(Material to process begins)

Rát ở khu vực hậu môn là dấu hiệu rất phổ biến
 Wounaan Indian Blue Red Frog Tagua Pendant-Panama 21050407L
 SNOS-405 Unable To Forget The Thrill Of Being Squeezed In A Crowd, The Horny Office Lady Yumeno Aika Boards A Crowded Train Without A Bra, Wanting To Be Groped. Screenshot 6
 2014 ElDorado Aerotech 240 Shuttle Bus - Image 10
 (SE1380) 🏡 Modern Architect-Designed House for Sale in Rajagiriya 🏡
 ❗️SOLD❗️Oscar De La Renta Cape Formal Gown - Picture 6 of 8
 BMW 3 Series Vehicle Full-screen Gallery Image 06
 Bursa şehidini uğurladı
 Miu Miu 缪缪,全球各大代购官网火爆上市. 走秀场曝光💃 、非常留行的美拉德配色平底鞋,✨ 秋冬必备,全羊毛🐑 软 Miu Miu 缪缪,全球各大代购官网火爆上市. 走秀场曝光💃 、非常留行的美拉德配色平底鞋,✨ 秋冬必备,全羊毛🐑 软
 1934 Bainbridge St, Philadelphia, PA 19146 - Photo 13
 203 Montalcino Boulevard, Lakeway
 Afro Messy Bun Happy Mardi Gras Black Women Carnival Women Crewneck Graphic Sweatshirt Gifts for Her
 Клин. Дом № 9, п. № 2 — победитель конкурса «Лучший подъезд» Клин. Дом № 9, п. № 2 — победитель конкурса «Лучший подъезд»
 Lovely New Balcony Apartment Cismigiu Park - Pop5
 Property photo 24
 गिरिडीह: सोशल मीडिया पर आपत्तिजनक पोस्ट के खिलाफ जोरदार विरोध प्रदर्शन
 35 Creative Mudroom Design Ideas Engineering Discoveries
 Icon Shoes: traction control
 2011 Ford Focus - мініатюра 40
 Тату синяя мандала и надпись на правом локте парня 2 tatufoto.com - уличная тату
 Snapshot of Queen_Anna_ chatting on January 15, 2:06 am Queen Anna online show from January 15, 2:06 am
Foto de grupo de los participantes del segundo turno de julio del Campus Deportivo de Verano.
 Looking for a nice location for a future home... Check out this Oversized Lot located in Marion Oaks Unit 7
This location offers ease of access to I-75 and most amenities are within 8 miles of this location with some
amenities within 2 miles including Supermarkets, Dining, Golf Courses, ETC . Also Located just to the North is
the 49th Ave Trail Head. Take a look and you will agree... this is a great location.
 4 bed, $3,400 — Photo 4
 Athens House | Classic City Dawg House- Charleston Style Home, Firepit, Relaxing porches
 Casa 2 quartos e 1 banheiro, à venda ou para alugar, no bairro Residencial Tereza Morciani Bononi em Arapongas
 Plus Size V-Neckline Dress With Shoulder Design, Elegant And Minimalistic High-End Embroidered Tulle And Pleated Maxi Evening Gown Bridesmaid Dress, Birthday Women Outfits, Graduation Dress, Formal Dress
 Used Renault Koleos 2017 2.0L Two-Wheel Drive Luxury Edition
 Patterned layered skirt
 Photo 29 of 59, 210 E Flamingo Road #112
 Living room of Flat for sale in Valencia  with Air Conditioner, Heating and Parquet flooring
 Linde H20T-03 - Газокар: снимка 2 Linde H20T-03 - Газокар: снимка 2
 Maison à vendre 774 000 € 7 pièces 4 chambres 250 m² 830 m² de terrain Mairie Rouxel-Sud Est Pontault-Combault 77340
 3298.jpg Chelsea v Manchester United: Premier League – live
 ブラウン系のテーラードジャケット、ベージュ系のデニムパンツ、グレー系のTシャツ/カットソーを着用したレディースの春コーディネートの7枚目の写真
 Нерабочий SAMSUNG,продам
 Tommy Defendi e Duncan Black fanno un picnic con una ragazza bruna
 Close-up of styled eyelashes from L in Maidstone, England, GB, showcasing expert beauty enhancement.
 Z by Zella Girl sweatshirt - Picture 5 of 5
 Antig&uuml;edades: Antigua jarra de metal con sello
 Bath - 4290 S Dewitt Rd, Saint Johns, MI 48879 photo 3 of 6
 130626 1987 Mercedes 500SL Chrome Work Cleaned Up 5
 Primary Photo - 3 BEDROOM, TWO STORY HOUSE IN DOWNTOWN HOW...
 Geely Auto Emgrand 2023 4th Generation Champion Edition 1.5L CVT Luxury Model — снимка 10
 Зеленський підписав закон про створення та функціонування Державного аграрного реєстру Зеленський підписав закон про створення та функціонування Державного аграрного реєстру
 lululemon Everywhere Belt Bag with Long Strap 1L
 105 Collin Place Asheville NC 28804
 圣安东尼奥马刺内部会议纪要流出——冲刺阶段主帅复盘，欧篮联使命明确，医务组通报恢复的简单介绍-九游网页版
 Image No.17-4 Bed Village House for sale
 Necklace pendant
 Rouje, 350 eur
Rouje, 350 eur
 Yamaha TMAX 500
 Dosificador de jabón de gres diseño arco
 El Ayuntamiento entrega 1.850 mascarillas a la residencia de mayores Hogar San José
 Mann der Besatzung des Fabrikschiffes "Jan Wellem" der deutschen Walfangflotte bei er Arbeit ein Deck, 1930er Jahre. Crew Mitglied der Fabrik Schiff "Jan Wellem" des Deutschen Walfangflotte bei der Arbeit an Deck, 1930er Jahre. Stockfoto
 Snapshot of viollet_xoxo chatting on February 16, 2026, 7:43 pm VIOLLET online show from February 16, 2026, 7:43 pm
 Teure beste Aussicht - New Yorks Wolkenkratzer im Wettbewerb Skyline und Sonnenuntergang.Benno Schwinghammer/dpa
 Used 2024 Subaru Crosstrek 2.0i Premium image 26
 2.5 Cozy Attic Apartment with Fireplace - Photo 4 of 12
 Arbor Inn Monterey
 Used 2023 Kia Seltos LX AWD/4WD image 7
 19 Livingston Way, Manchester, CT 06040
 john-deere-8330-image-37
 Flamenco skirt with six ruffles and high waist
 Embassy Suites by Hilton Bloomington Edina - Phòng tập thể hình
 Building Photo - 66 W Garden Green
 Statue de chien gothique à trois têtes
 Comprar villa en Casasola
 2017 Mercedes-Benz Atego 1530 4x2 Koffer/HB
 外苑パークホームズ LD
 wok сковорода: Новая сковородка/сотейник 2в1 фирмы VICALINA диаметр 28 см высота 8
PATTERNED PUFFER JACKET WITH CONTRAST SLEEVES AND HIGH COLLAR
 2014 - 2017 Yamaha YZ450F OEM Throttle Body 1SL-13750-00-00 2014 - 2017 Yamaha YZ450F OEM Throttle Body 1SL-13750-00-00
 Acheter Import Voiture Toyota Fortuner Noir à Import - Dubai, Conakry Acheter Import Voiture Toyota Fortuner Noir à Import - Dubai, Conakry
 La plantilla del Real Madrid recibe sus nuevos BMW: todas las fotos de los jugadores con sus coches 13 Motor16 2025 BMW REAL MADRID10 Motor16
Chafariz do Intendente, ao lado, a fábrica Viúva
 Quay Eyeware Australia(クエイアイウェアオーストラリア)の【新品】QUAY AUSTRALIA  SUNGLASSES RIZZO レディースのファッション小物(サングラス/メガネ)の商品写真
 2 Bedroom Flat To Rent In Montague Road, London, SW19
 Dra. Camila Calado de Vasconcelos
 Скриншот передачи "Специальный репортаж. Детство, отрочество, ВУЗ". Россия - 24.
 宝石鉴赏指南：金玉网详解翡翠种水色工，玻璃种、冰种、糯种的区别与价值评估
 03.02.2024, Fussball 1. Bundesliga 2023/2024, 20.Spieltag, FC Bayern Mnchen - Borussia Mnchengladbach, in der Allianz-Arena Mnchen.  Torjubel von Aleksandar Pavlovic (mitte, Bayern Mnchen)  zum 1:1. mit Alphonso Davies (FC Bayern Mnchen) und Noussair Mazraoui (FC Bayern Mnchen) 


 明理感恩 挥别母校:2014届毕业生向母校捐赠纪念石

(Material to process ends)

* _What you should do_: Only the lines above starting with the one with "4 bed, $3,400 — Photo 4" and going through the one with "Casa 2 quartos" are to be copied, word for word and with both ends kept.

* _Final answer_:
 4 bed, $3,400 — Photo 4
 Athens House | Classic City Dawg House- Charleston Style Home, Firepit, Relaxing porches
 Casa 2 quartos e 1 banheiro, à venda ou para alugar, no bairro Residencial Tereza Morciani Bononi em Arapongas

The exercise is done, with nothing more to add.